Now, instead of being one of the global leaders, we'll be playing catch up.
ScoMo's also waving about a healthy cheque book in the face of the premiers and chief ministers.
(Just quietly, I think there might be an election coming up.....)
When the PM was discussing funds for Queensland, I do hope there was room in his war chest to provide the premier, her ministers and senior officials with funding for training courses in how to read contracts and proper governance.
This week, we saw the release of Michael Ford's report into the debacle that is Queensland's brand new fleet of trains - trains which we've spent billions on and which have proven to be unfit for purpose.
The retired District Court judge was unable to attribute blame to any specific individual's responsible for this monumental failure in governance. That will come, no doubt, as a disappointment to many. Especially the state opposition; had they seen another opportunity to call for yet another transport minister to resign.
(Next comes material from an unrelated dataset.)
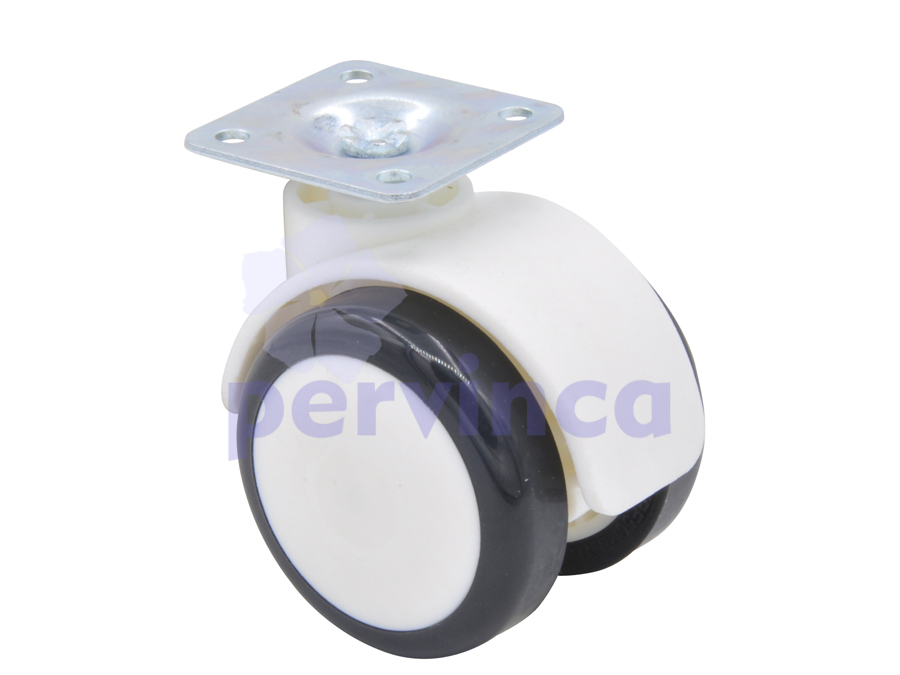 Castor PU, w/ plate, without brake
But the Westminster convention whereupon the buck of responsibility stops at the applicable minister apparently doesn't apply in this case, according to the Ford Report. The report however concentrated on highlighting an endemic problem in the culture of government: a fear by departmental underlings of reporting problems to their superiors.
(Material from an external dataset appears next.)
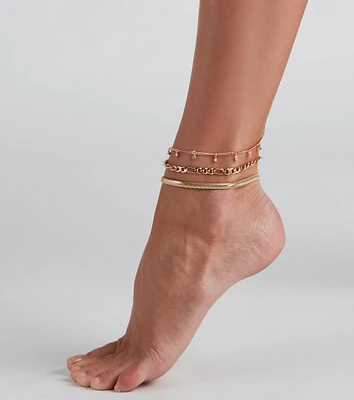 Perfect Trio Three Pack Anklets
Apparently, staff knew that the new trains did not comply with Commonwealth Disability Access laws, having been alerted to the fault in design by the firm building the carriages.
Unfortunately, instead of reporting this to their superiors, Transport Department underlings felt reluctance because of the culture that has been allowed to grow. A culture where proper governance is seriously diluted by senior management and government spin doctors whose sole function in life is to spread only the good news.
One wonders how ministers of the Crown can effectively perform their duties if all they are told is the good stuff.
This isn't Yes, Minister. But apparently we still have Sir Humphrey running about in departments, shielding their ministers from things they apparently don't need to know. The minister therefore doesn't have to burden himself with having to report the embarrassing stuff to parliament.
But this is the real world, not a much-loved British sitcom.
And this is real money, the money of the people of Queensland that is being wasted on repair jobs that shouldn't have been necessary.
The Transport Department was hoping it could quietly fix the problem down the track (no pun intended) but the truth has this nasty habit of revealing itself.
Putting aside for one moment the fact that this fiasco will cost Queensland taxpayers more than $300 million to fix, the Ford Report again highlights a problem we have with governments of the day: a culture driven by an insatiable need to continue feeding out to MPs and the people only good news. An obsession of the PR people to pump up the egos of their ministers. To bury the embarrassing, hoping it can all be fixed on the hush, hush. To quietly go away.
We ordinary folk know that's not how real life works. Most of us have to handle the good with the bad in life. We don't have PR departments to shield us from life's blows.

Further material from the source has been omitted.